Question

A ball of mass 10kg is moving with a velocity of 10$m/s$. It strikes another ball of mass 5 kg which is moving in the same direction with a velocity of 4$m/s$. If the collision is elastic, their velocity after collision will respectively,
(A) 12$m/s$, 6$m/s$
(B) 12$m/s$, 25$m/s$
(C) 6$m/s$, 12$m/s$
(D) 8$m/s$, 20$m/s$

Answer 1

Hint: In order to solve the collision problems, we have to use two conservation methods which one are,
1. Momentum conservation methods
2. Energy conservation methods
The law of momentum conservation states that when an object 1 collides with an object 2 in an isolated system, the total momentum of objects 1 and 2 before the collision equals that of the total momentum of collision between object 1 and 2 after collision.The principle of conservation of energy states that the energy of interacting bodies in a closed system remains constant.

Formula used:
In this problem, first we use the momentum conservation method and also use the expression of coefficient of restitution that is,
$e = \dfrac{{velocity\,of\,separation}}{{velocity\,of\,approach}}$
Here, $e$ is the coefficient of restitution.
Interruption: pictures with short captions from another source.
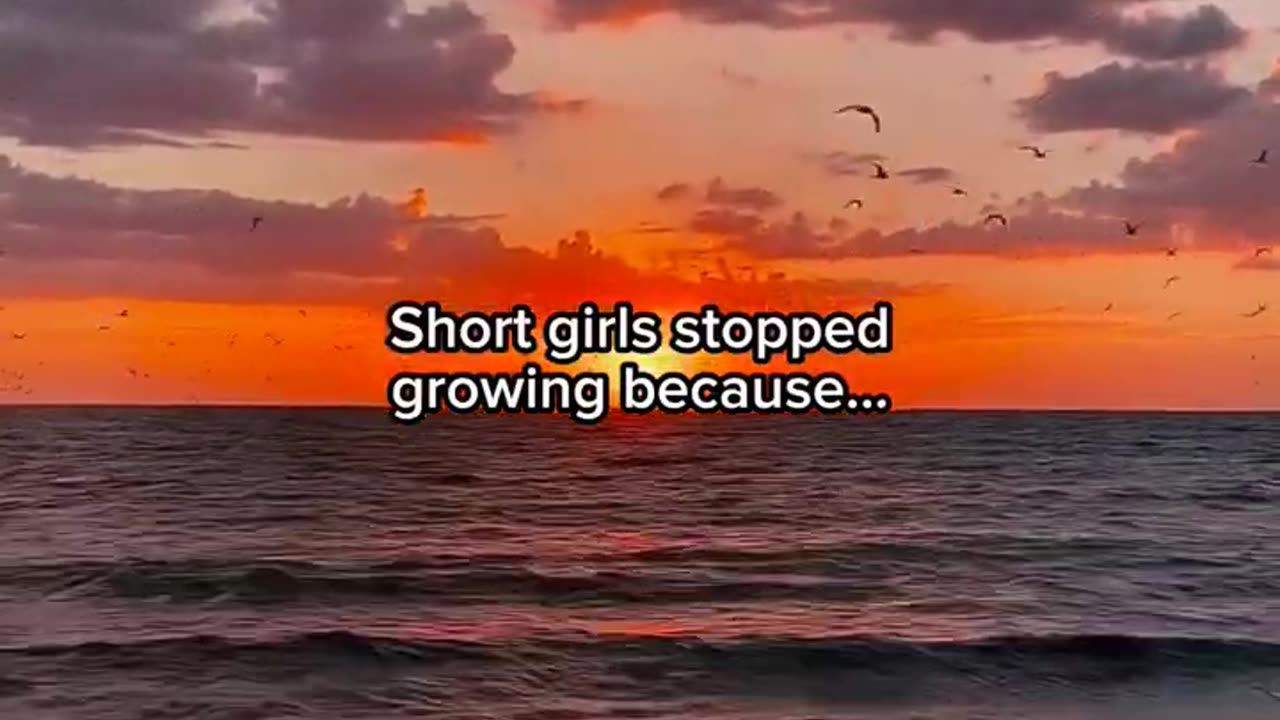 Short girls stopped growing because… #follow #facts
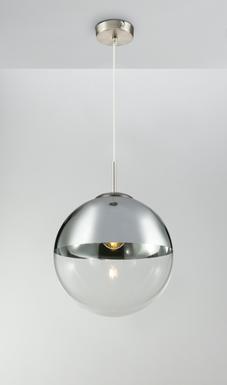 Suspension design Globo Varus Gris Métal 15854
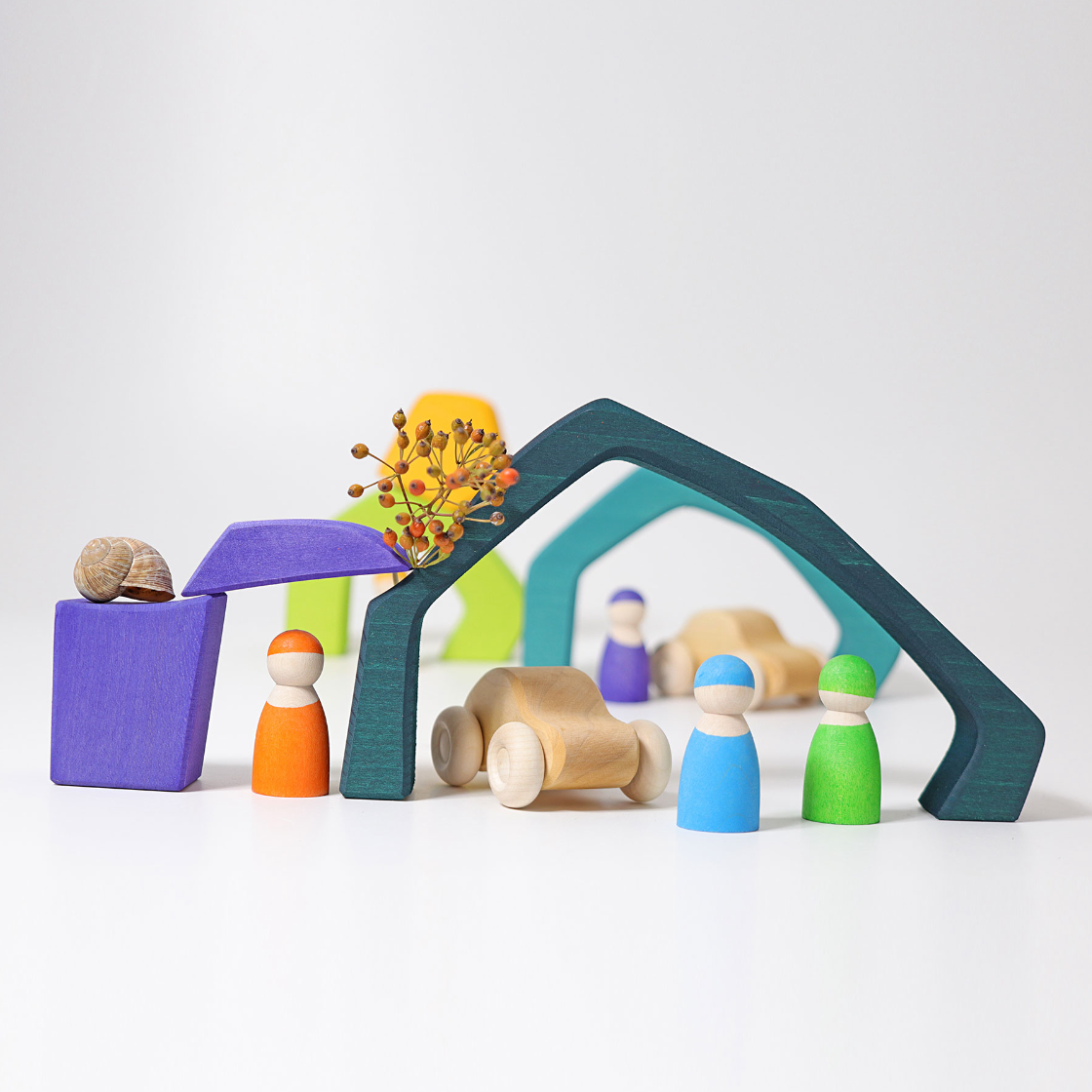 Großer Vier Elemente Baukasten von Grimm's Holzspielzeug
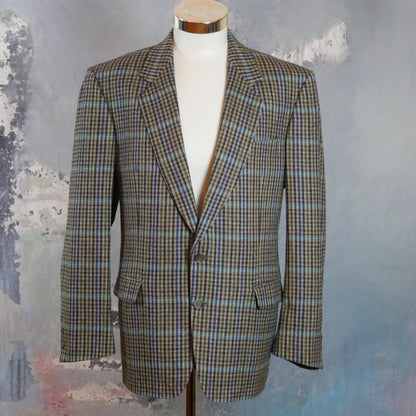 1980s Vintage Men's Blazer | Large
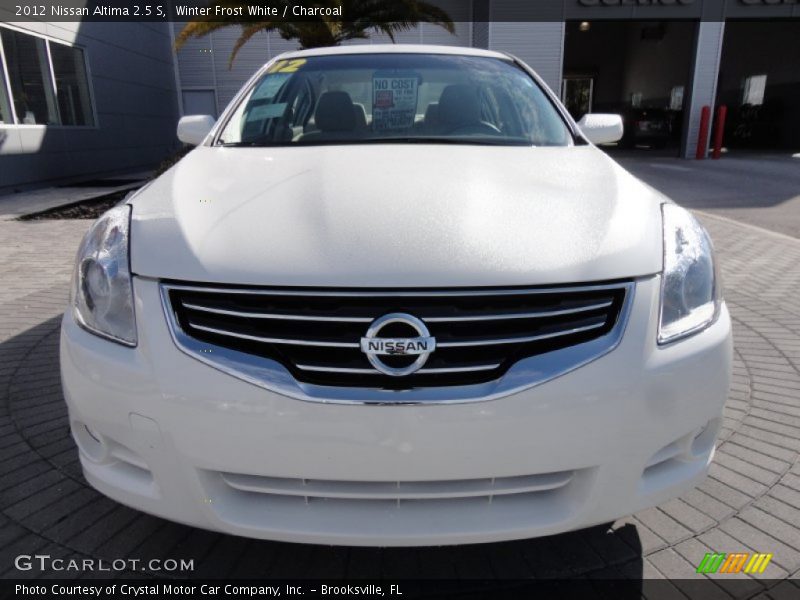 Winter Frost White / Charcoal 2012 Nissan Altima 2.5 S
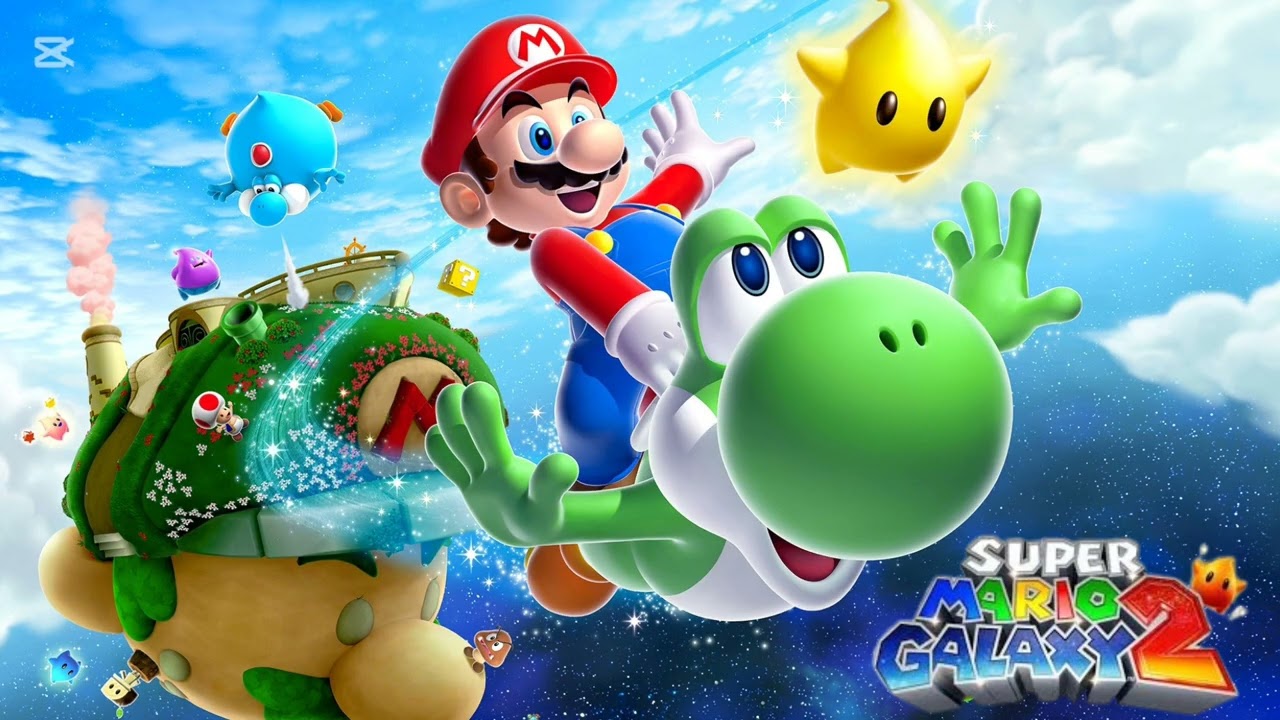 Super Mario Galaxy 2-Starship Mario,All 3 Versions.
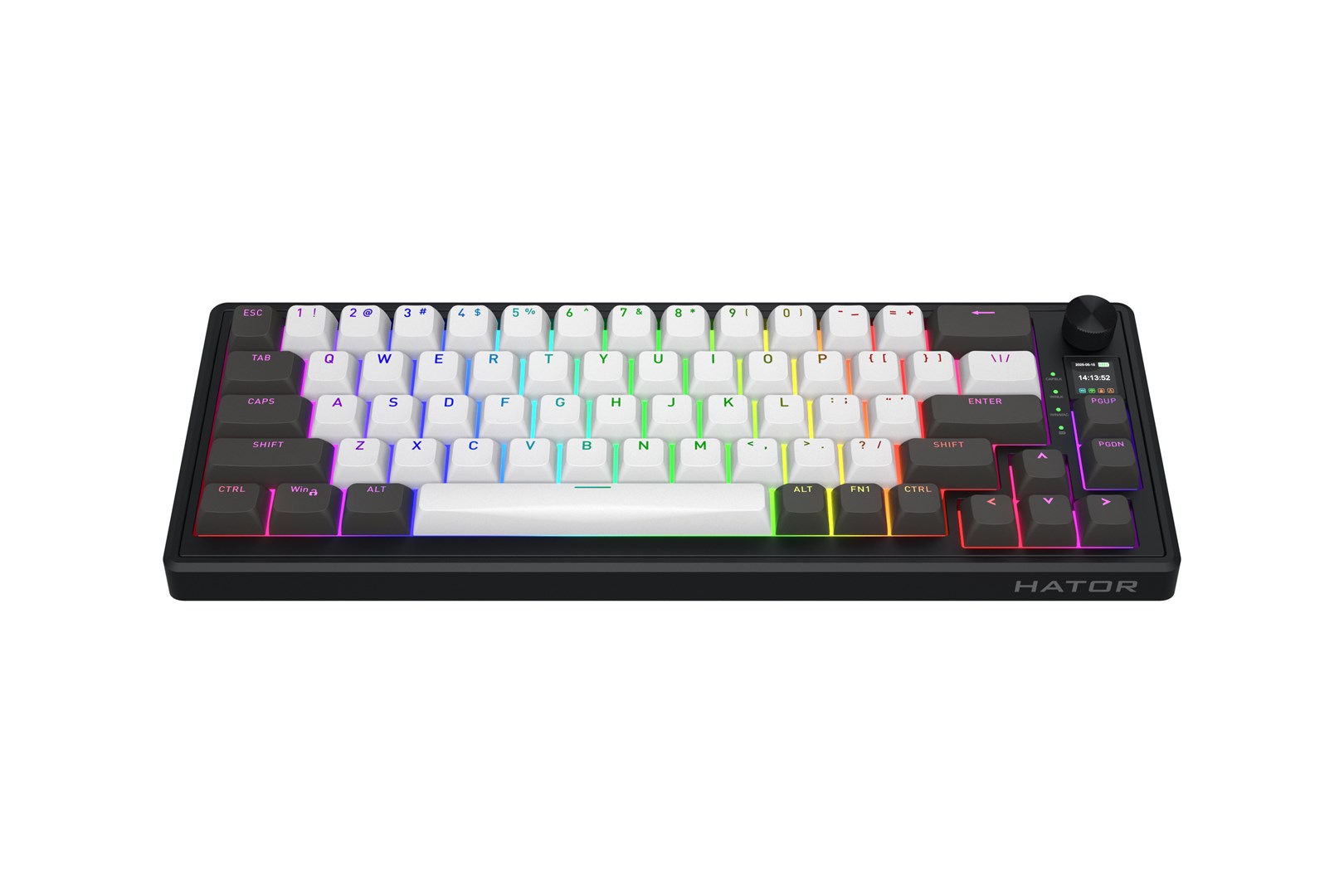 HATOR Skyfall Pro Wireless 65 keyboard Gaming USB + RF Wireless + Bluetooth QWERTY US English Black, Grey-15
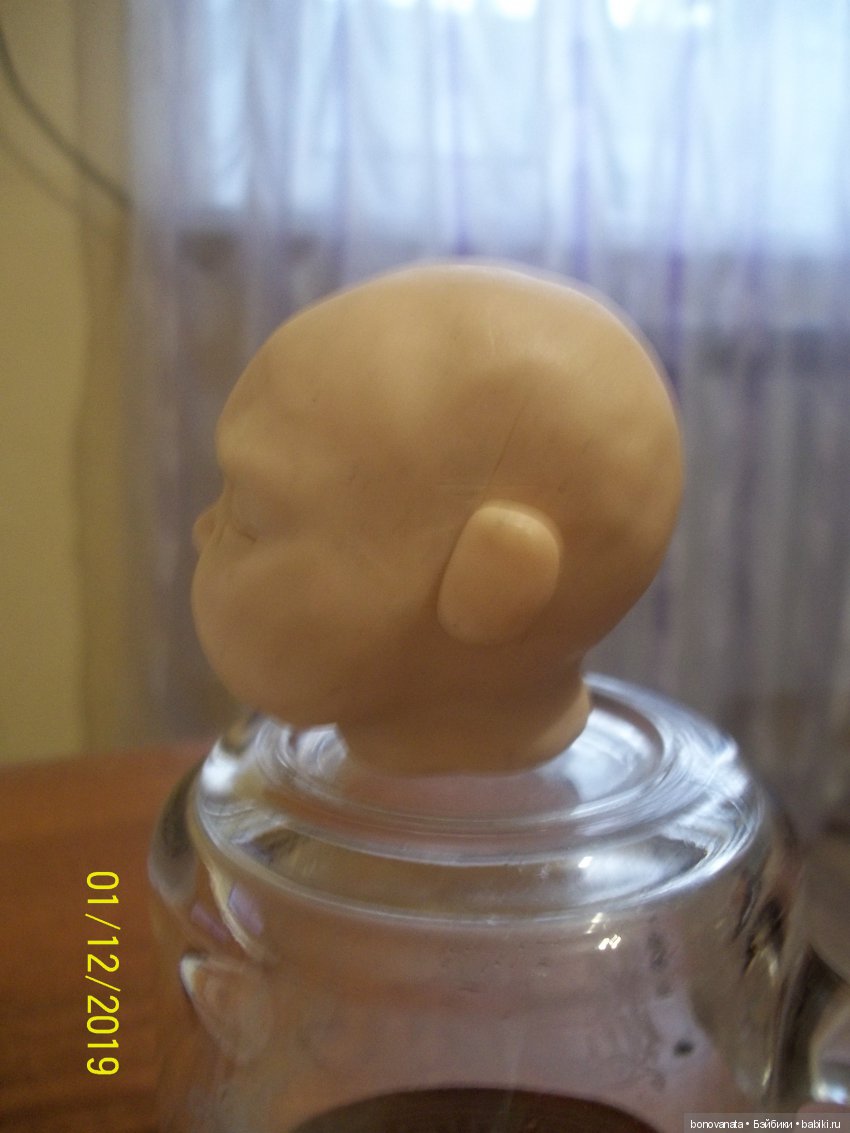 Процесс лепки малыша из полимерной глины или как "рождаются" малыши. Часть 1, Голова | Бэйбики Процесс лепки малыша из полимерной глины или как "рождаются" малыши. Часть 1, Голова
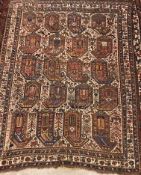 A Persian rug,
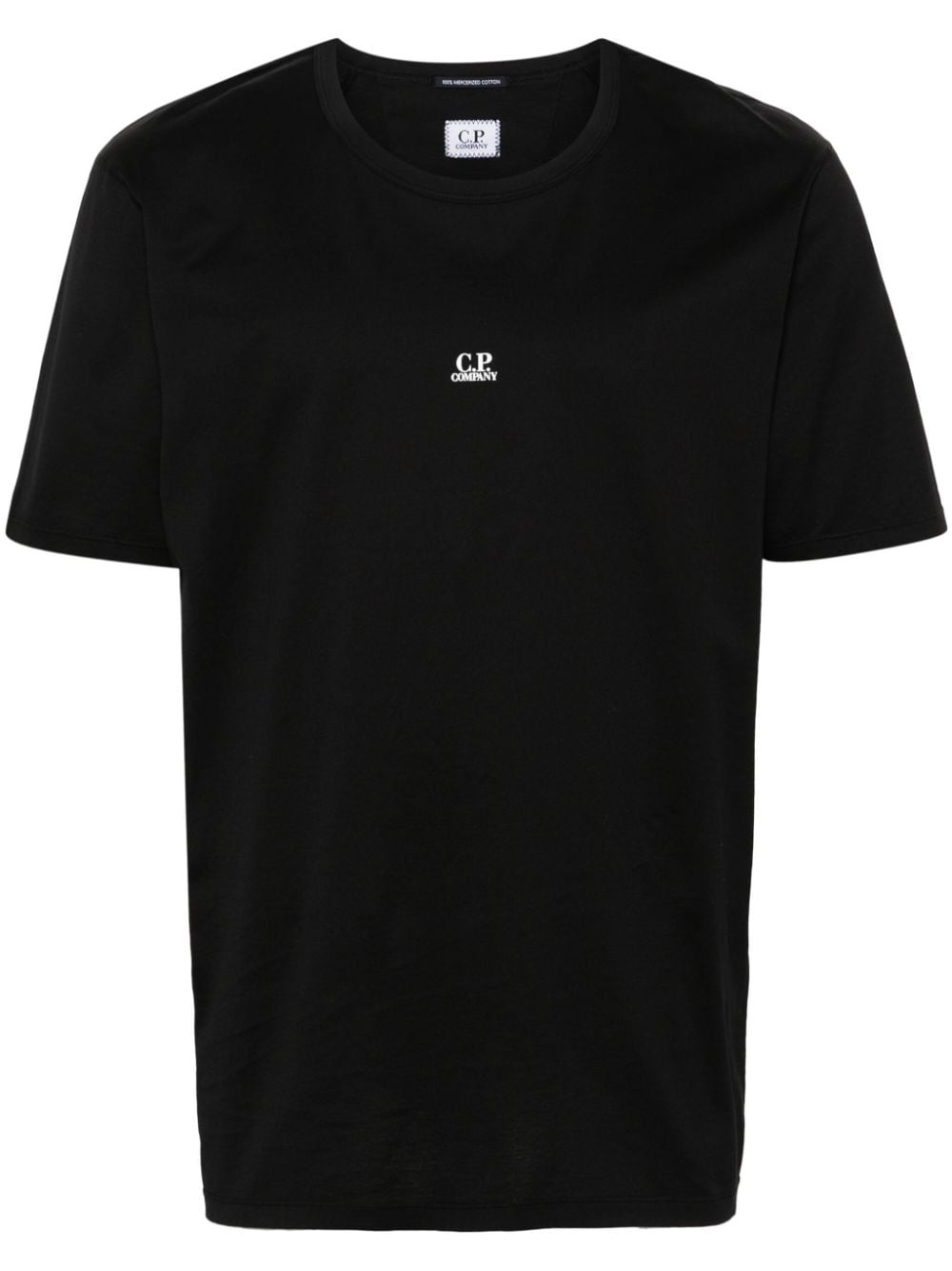 C.P. Company logo-print cotton T-shirt - Black von C.P. Company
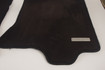 Mercedes 1296803540 Floor Mat Set x2 - Front Black | R129 SL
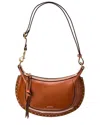 Isabel Marant Oskan Moon Leather Hobo Bag In Brown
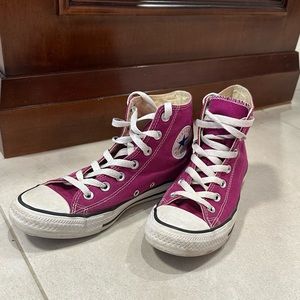 Purple/Magenta High Top Converse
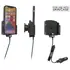 Brodit einstellbarer Halter (seitlich) Aktiv USB, 12/24V, f�r APPLE iPhone 12, inkl. USB-Ladeger�t, f�r Schutzh�llen, max: Breite 75-89mm, Dicke: 6-10mm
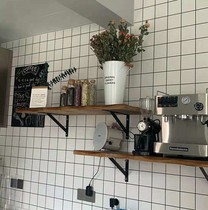 Wall Solid Wood Bar Table Table Table Retro Shelf Separator Support Bay Laminate Bay Subkitchen Storage Racks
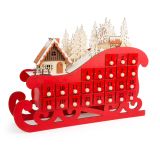 Calendario de adviento de madera Trineo Rojo - imagen 4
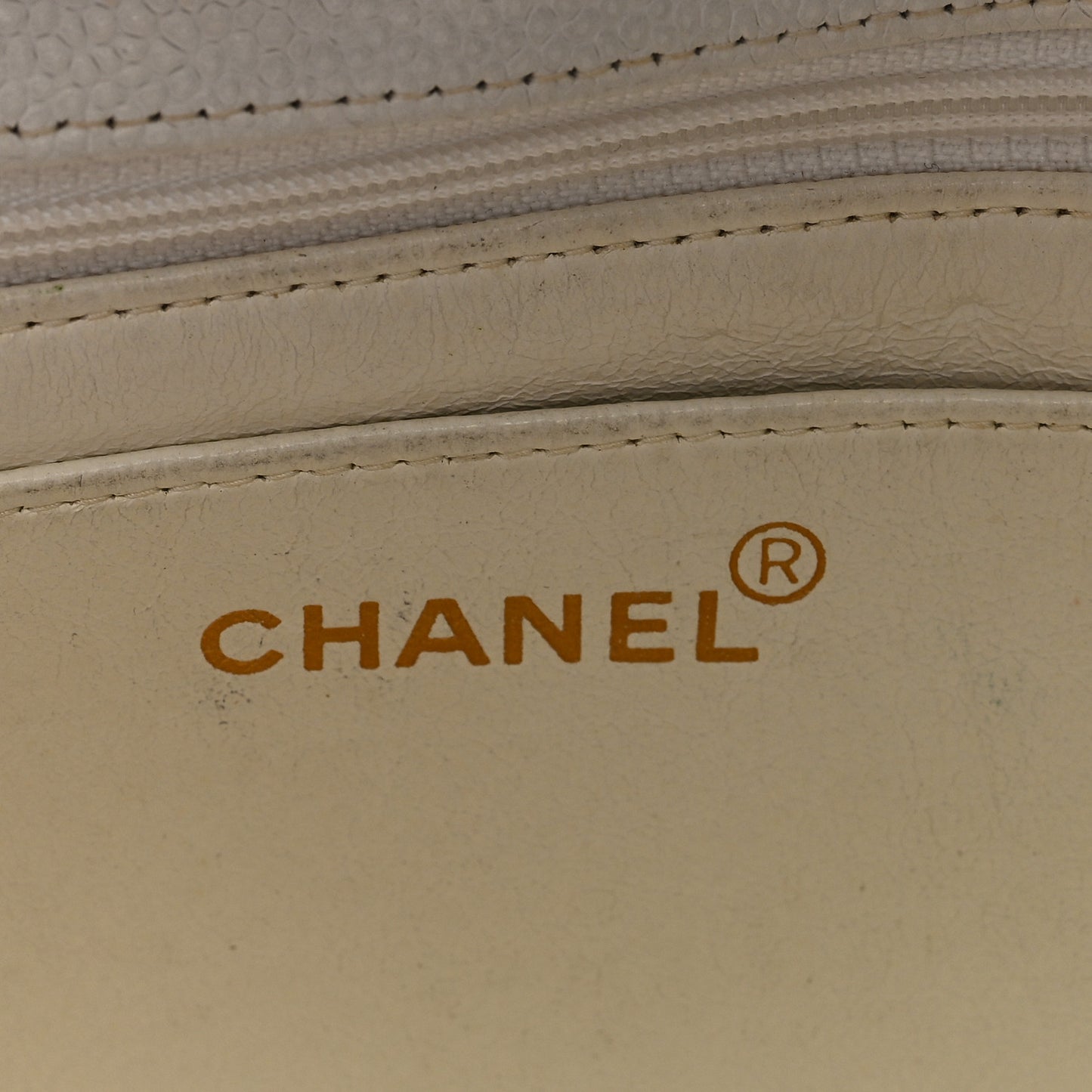 Caviar Quilted Medium Single Flap White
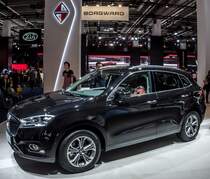 Borgward BX7 (Seitenansicht), gesehen auf der IAA 2017 Frankfurt Motor Show (September 2017).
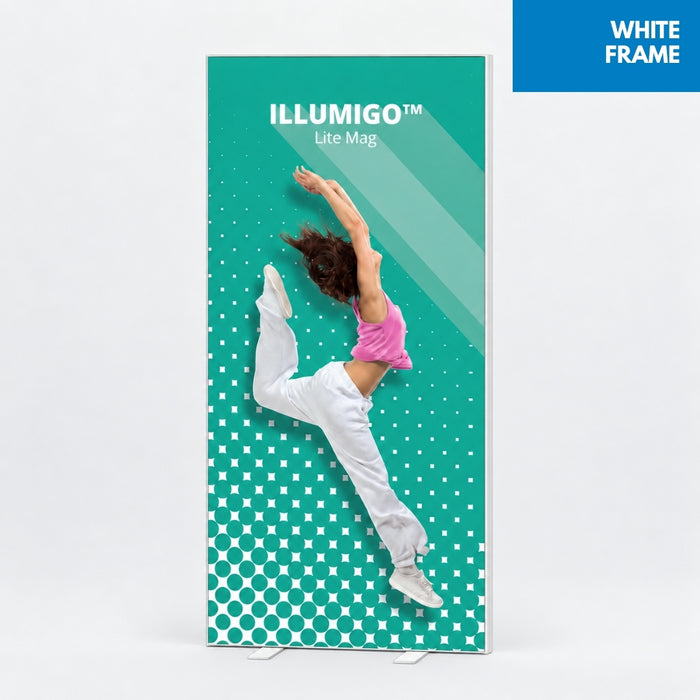 iLLUMiGO™ Lite Mag 1x2m LED Lightbox Display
Complete step by step answer:
Given that 2 balls collide with each other and also given their masses and velocities before collision.
Velocity of ball 1 $[\left( {{u_1}} \right){\text{ = }}10m/s]$
Mass of ball 1 $[\left( {{m_1}} \right) = 10kg]$
Velocity of ball 2 $[\left( {{u_2}} \right) = 4m/s]$
Mass of ball 2 $[\left( {{m_2}} \right) = 5kg]$

Now, using conservation of momentum
Momentum before collision $ = $ momentum after collision
$(\therefore \,\,\,momentum\,\rho = m\,v)$ and $[{u_l} > {u_2}]$
$[{m_1}{u_1} + {\text{ }}{m_2}{u_2}\; = {\text{ }}{m_1}{v_1} + {\text{ }}{m_2}{v_2}]$
Where ${v_1}$ and ${v_2}$ are the velocities of ball 1 and 2 after collision respectively
So,
$10 \times 10 + 4 \times 5 = 10{v_1} + 5{v_2}$
$\Rightarrow 100 + 20 = 10{v_1} + 5{v_2}$
$\Rightarrow 10{v_1} + 5{v_2}{\text{ = }}120$
$\Rightarrow 5(2{v_1} + {v_2}) = 5 \times 24$
$\Rightarrow 2{v_1} + {v_2} = 24$ …..(1)
We know that coefficient of restitution is
$e = \dfrac{{velocity\,of\,separation}}{{velocity\,of\,approach}}$
Given that collision is elastic and for elastic collision $e = 1$
So,
$e = \dfrac{{{v_2} - {v_1}}}{{{u_1} - {u_2}}}$ \[(\therefore {u_l} > {u_2})\]
$\Rightarrow \,e = 1$
$\Rightarrow \dfrac{{{v_2} - {v_l}}}{{{u_1} - {u_2}}} = 1$
$\Rightarrow {v_2} - {v_1} = {u_1} - {u_2}$
$\because{u_1} = 10m/s,{u_2} = 4m/s$
$\Rightarrow 10 - 4\, = {v_2} - {v_1}$
$\Rightarrow {v_2} - {v_1} = 6$
$\Rightarrow {v_2} = 6 + {v_1}$ …..(2)
From equation $\left( 1 \right) \to \left( 2 \right)$
$2{v_1} + \left( {6 + {v_1}} \right) = 24$
$\Rightarrow 2{v_1} + 6 + {v_1} = 24 $
$\Rightarrow 3{v_1} = 24 - 6 = 18$
$\Rightarrow{v_1} = \dfrac{{18}}{3} = 6$
So, $[{v_1} = 6m/s]$ …..(3)
From equation 2 & 3
$\therefore {v_2} = 6 + 6 = 12m/s$ …..(4)
Hence, the velocities of ball 1 & 2 after collision is $6m/s$ and $12m/s$ respectively.

So, option C is the correct answer.

Note: In many problems of collision, we cannot get a final answer only using law of momentum conservation. In that case, we have to use the law of energy conservation also.In case of an elastic collision, we can also use the law of kinetic energy conservation also.Basically, in the case of collision, the kinetic energy before the collision and after the collision remains the same and is not converted to any other form of energy.It can be either one-dimensional or two-dimensional. In the real world, perfectly elastic collision is not possible because there is bound to be some conversion of energy, however small.